財界オンライン / 2024年9月9日 15時0分

伊那市内から仙丈ヶ岳をのぞむ

開拓魂の旺盛な小坂家

「今は大都市・東京が日本をリードしていることになっていますが、将来的には伊那のような地方都市が日本を代表するコミュニティになると。それを可能にするために、何かお手伝いができればと思っています」と、東京・銀座の小松ストアー(ギンザコマツ)社長の小坂敬さん。親戚の小坂文乃さんがこのたび長野県伊那市の特命大使に選ばれた。信州・伊那といえば、伊那谷の中心地。小坂家の先祖、駒吉(小坂敬氏の曽祖父)は江戸末期、江戸に出て上野・輪王寺の御用商人となり成功。その子・梅吉は銀座の料理店・松本楼を父から継ぐ。戦前は貴族院議員なども務め、政治家でもあった。そして、日比谷松本楼もまた日本の近代化の歴史とともに歩みを進めてきた。

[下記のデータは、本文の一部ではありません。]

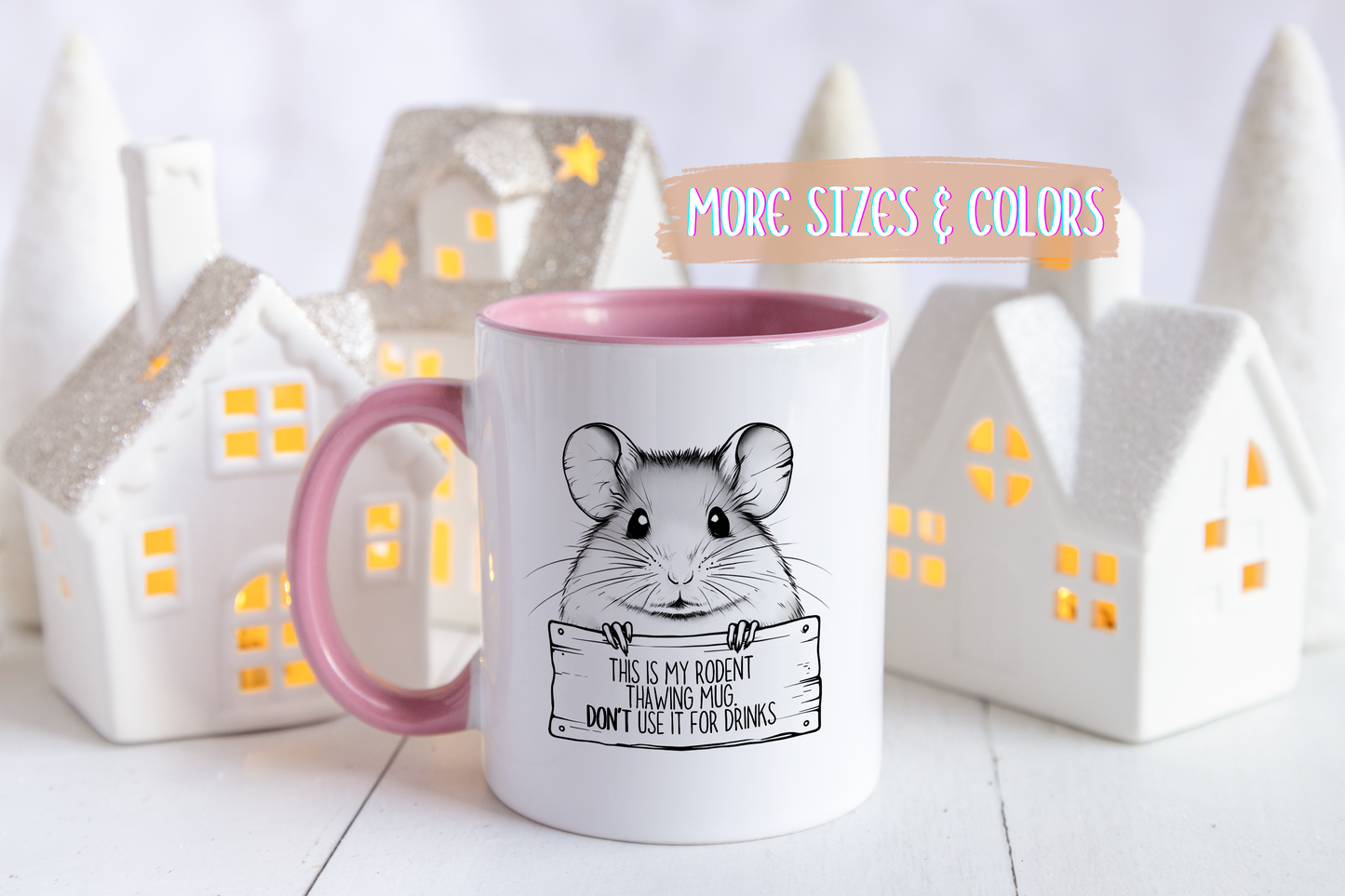 This Is My Rodent Thawing Mug – Don’t Use It for Drinks | Funny Pet Owner Mug | Custom Made Small Pet Humor Cup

 オープンしたのは日露開戦前の1903年(明治36年)であった。日露戦争で勝った日本は南樺太を手に入れたりするが、日本国民は「戦勝国としての戦利品が少ない」として不満を募らせた。結果、日比谷焼き討ち事件が起き、日比谷松本楼も消失する。

 そして、1971年(昭和46年)沖縄返還交渉に反対する学生デモが吹き荒れ、反対運動の参加者が日比谷公園に立てこもるという事件にも遭遇。この時も日比谷松本楼が焼き討ちされるという悲劇が起きた。

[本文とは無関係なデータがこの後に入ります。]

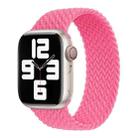 Nylon Single-turn Braided Watch Band For Apple Watch Ultra 49mm / Series 8&7 45mm / SE 2&6&SE&5&4 44mm / 3&2&1 42mm, Length:135mm(Orange Pink) - 1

 そうした時代の転換期に小坂家は生き抜いてきた。その小坂敬さん・文乃さんが、信州・伊那市特命大使に選ばれるということになった。


人と人とのつながり

 地方の振興をどう図るか─。現在市長4期目を務める白鳥孝さんは「伊那は、食べ物と水を含めた一次産業をちゃんとやろうと。森林を手当して、水を安定的に供給、エネルギーも水力発電で、森から出てくる木を使った木質バイオマスを活用してエネルギーを賄っていく」と語る。

 そして、自給自足の経済が可能だという伊那地方の特性。居住地エリアは標高630メートル台で、それ以外の高いところは1200メートルあるということで、いくつもの農産物が時差でできるというのが強み。グローバル化が進む中で、地方がどう世界と結びつくかが今後の課題。小坂敬さんは、若い頃米国に留学し、米フィリップスで働いた経験を持つ国際派経営者。

 一方で、銀座の世話役として働き、小唄、舞、茶道にも親しむ文化人でもある。

 また、文乃さんは明治末期、中国革命のリーダー・孫文を物資面で応援した梅屋庄吉(1869年-1934年)の曾孫にもあたる。

 19世紀末から20世紀初め、アジア諸国は欧米列強の圧力を受け、植民地化されていった。

 その時、香港で事業に成功していた梅屋は「日本と中国は手を携えて欧米列強に対抗していこう」と孫文と協力を誓い合った間柄。

 世界環境が激変する今、小坂・梅屋家の先人たちの活躍を想起させる今回の伊那市の特命大使就任である。